Task inputs
........

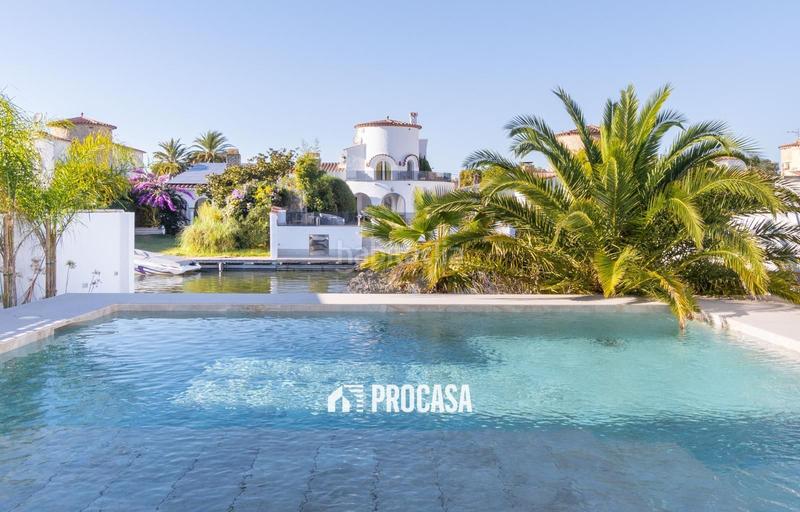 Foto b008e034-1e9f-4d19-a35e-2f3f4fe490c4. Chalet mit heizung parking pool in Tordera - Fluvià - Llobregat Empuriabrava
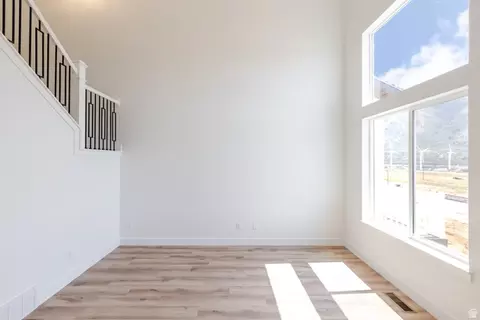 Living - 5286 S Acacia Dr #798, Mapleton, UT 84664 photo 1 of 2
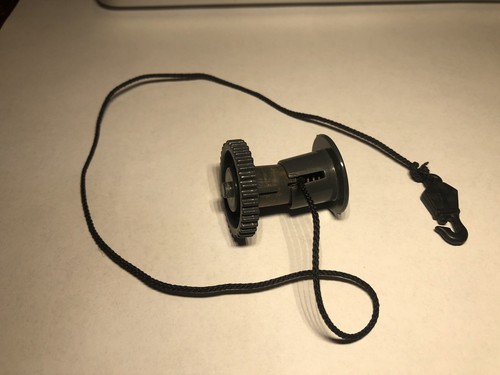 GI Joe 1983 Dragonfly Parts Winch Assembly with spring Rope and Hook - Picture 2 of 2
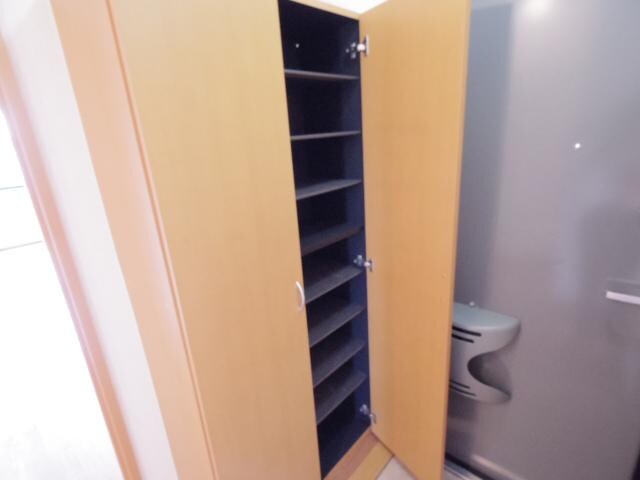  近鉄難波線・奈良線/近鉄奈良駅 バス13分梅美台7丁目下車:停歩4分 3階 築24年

........

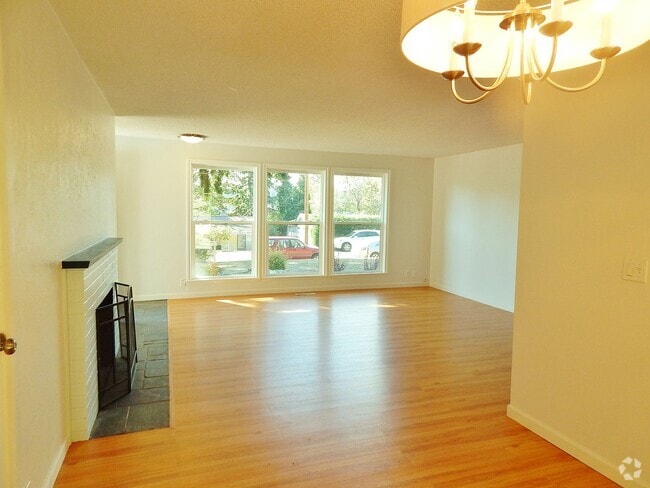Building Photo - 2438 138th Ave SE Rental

........

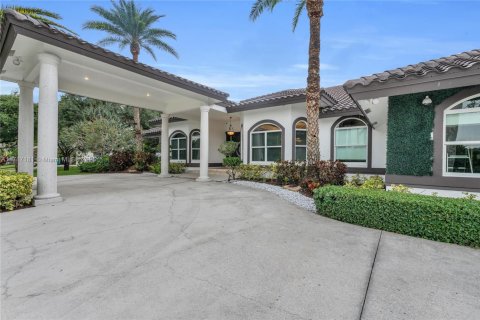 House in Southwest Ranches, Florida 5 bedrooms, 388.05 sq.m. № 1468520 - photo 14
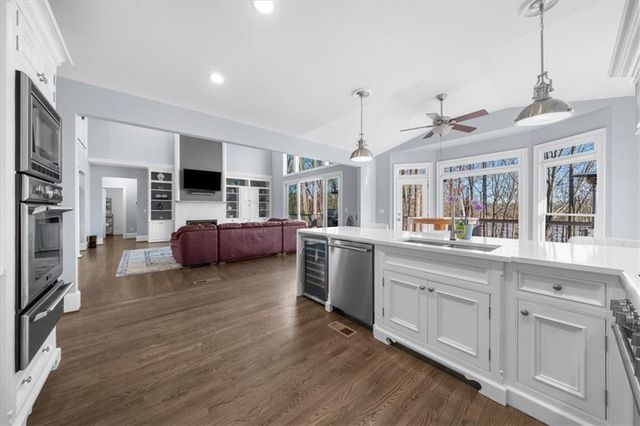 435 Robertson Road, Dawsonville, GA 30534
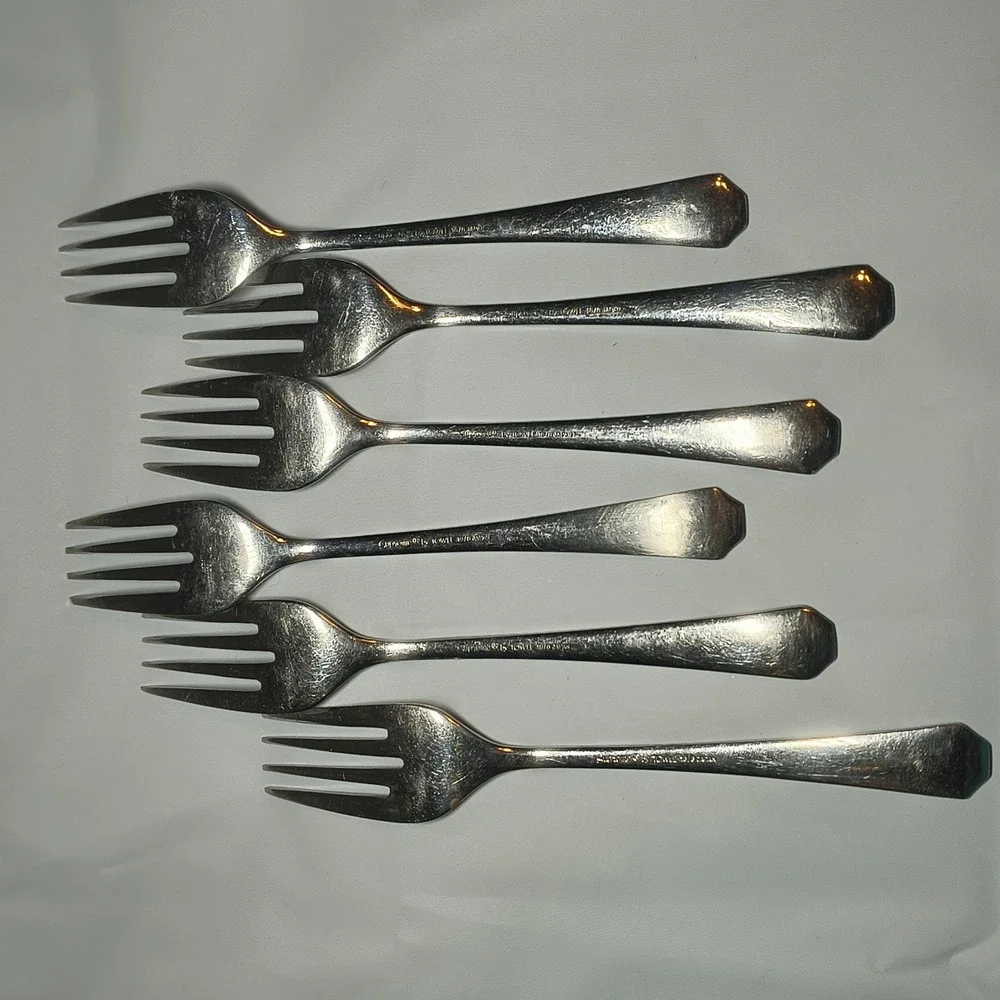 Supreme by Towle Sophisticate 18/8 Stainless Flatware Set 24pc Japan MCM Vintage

........

Look above for the line with "Living - 5286"; quote it and every line after it, stopping after the line with "近鉄難波線・奈良線/近鉄奈良駅 バス13分梅美台7丁目下車:停歩4分 3階 築24年", exactly, with nothing added and without pictures.

 Living - 5286 S Acacia Dr #798, Mapleton, UT 84664 photo 1 of 2
 GI Joe 1983 Dragonfly Parts Winch Assembly with spring Rope and Hook - Picture 2 of 2
  近鉄難波線・奈良線/近鉄奈良駅 バス13分梅美台7丁目下車:停歩4分 3階 築24年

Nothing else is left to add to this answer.